Finland’s long-delayed nuclear reactor goes online

Finland’s long-delayed nuclear reactor goes online

Finland’s long-delayed nuclear reactor goes online

Finland’s long-delayed and costly new nuclear reactor went online on March 12 amid expectations that it will boost the Nordic country’s electricity self-sufficiency and help to achieve its carbon neutrality targets.

Finnish operator Teollisuuden Voima said the Olkiluoto 3 nuclear reactor in the country’s west started supplying electricity to the national power grid.

It will go through a trial period of about four months during which it will generate electricity only at a fraction of its 1,600 megawatt capacity.

The reactor will reach peak capacity in July when it will cover an estimated 14 percent of Finland’s total electricity demand, reducing the country’s need to import electricity from Norway, Russia and Sweden, Teollisuuden Voima said.

The last time a new nuclear reactor was commissioned in Finland was over 40 years ago.

The French-developed EPR reactor model was the first nuclear power station to be procured in Europe after the 1986 Chernobyl disaster, designed to relaunch nuclear power.

The Olkiluoto 3 is a third generation European-type pressurized water reactor developed and built by a joint venture between France’s Areva and Germany’s Siemens. Construction began in 2005 and was to be completed four years later.

It was meant to be a showcase of French-German know-how, touted as offering higher power and better safety. But EPR builds in Finland, France and the United Kingdom have been plagued by delays and cost overruns.

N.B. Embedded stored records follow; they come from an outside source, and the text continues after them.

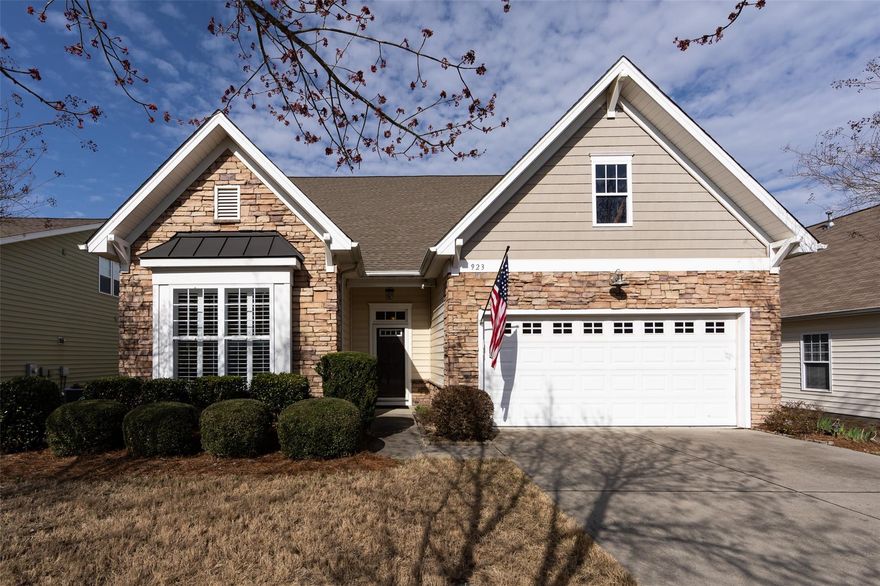 Wonderful opportunity to own a home in the beautiful Tega Cay community on Lake Wylie! This well maintained home with attached 2 car garage offers a split bedroom plan with open living, dining and kitchen area. Plantation shutters on all lower windows for extra energy efficiency. Hardwood flooring throughout main living area and primary bedroom. Primary bedroom has lovely tray ceiling and access to covered porch and patio. Primary bath features double sinks, separate tub & shower, separate toilet room, and walk-in closet. Spacious bonus room up for additional living space! Two walk-in attic spaces off the bonus room for extra storage needs. Enjoy numerous walking trails, parks, playgrounds, pool membership, Tega Cay Golf Club including tennis courts, and Tega Cay Marina for boat slips & lake access!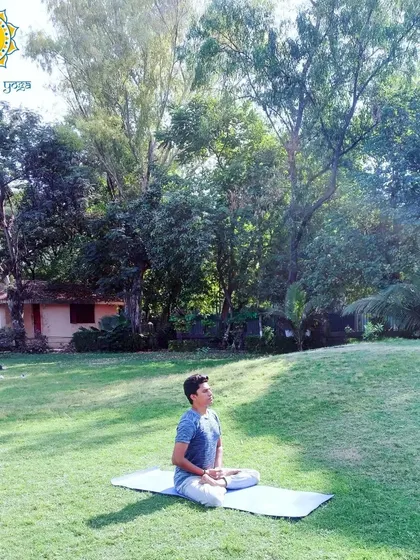 Seated in a meditative posture in a peaceful park. A sound body is the foundation for a sound mind. My practice aims to bring you to a state of perfect health, so your mind is free to explore deeper states of consciousness.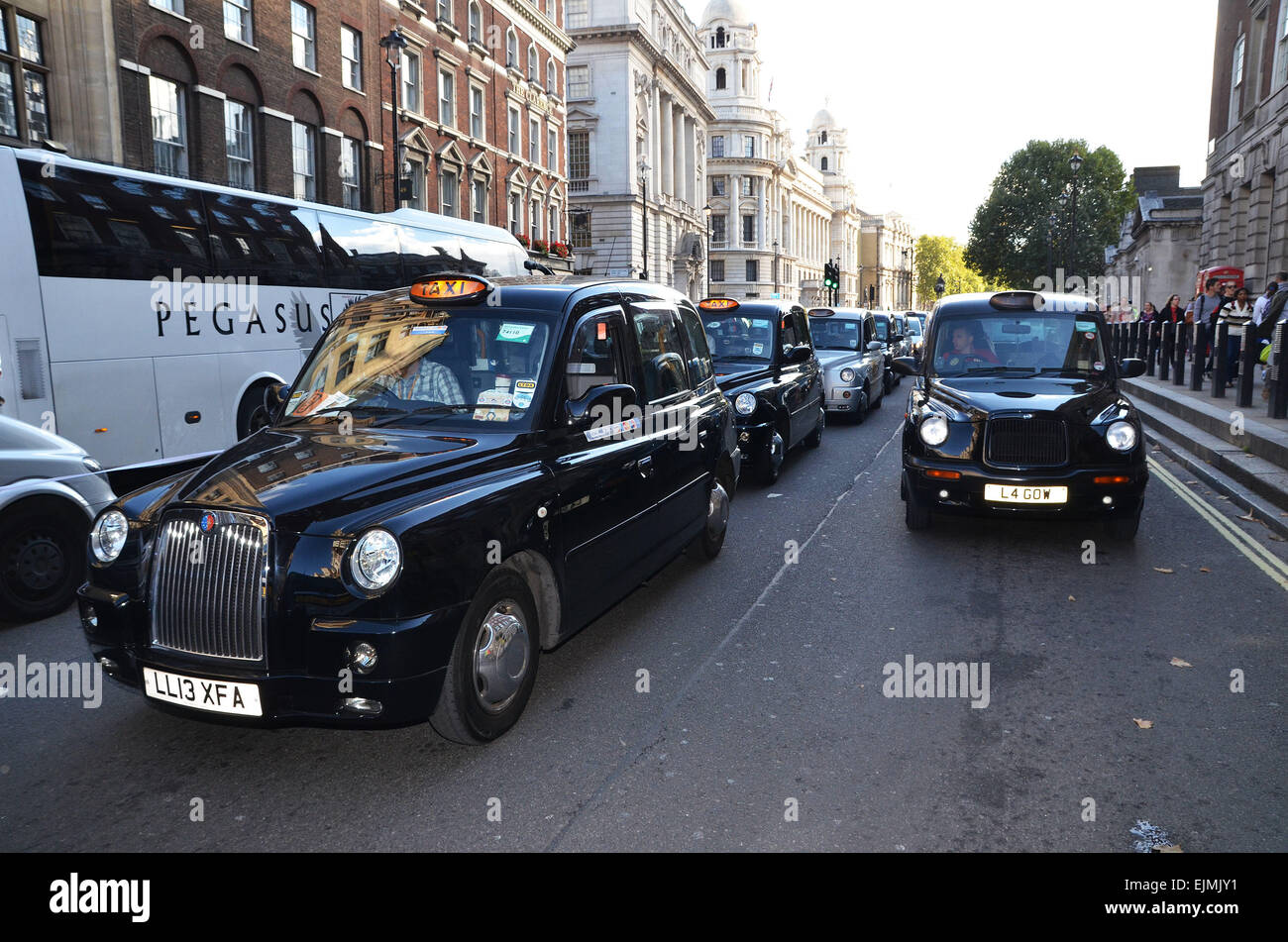Taxi drivers during a mass slow-driving demonstration in central London ...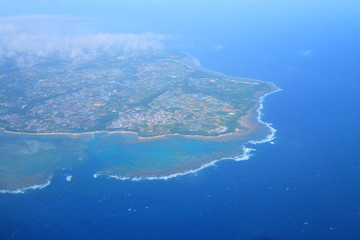 Beautiful blue sky and white cloud and landscape view from the plane in Japan Okinawa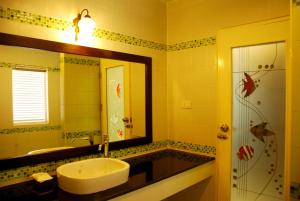 a bathroom with a sink and a shower and a mirror at Ananda Villa - SHA Plus in Koh Tao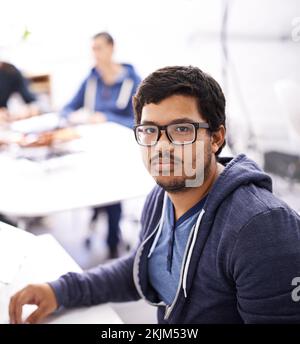 Failure is not an option when youre a programmer. Portrait of a young man sitting at his desk in an office. Stock Photo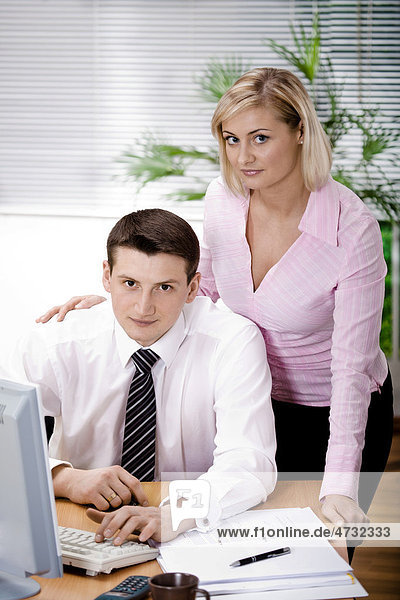 Young businessman and businesswoman in the office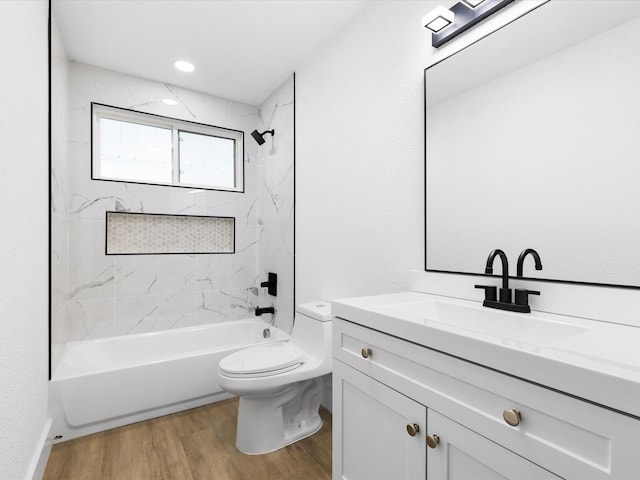 1910 Durham St, Irving, TX 75062 - bathroom with vanity, wood finished floors, and shower / washtub combination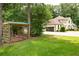 Inviting backyard with a swing and expansive lawn offers relaxation and outdoor enjoyment at 1908 Musket Ct, Stone Mountain, GA 30087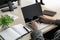 The businessman while typing an information on laptop with office accesssories setting on wood table. /Business and technology con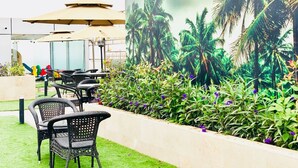 Un espacio al aire libre con sillas de mimbre y sombrillas, un mural de palmeras y un jardín con flores púrpuras.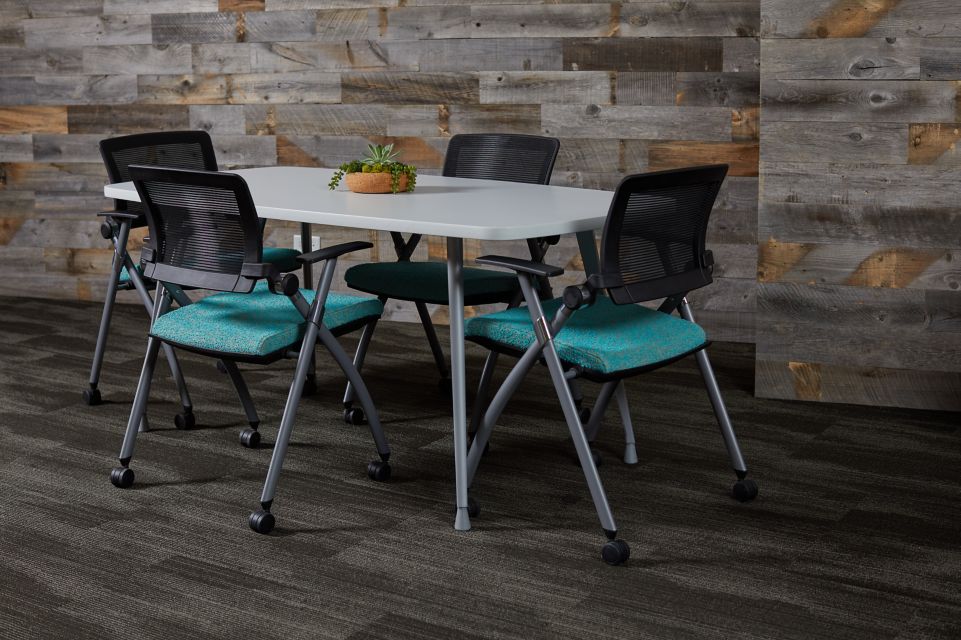 Compact meeting area with a rectangular table and four mesh-backed chairs with teal seats, set against a rustic wood-paneled wall.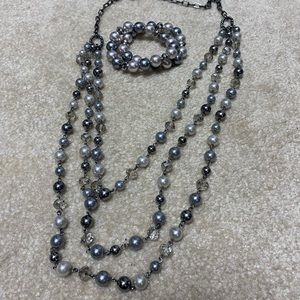 Layered pearl necklace and bracelet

Finnish public broadcaster YLE said late last year that the reactor’s final price tag was put at around 11 billion euros ($12 billion) - almost three times more than what was initially estimated.

Finland now has five nuclear reactors in two power plants located on the shores of the Baltic Sea. Combined, they cover more than 40 percent of Finland’s electricity demand.

The repeated delays led to bitter compensation disputes between TVO and Areva, with the latter ultimately agreeing in March 2018 to pay TVO financial compensation of 450 million euros.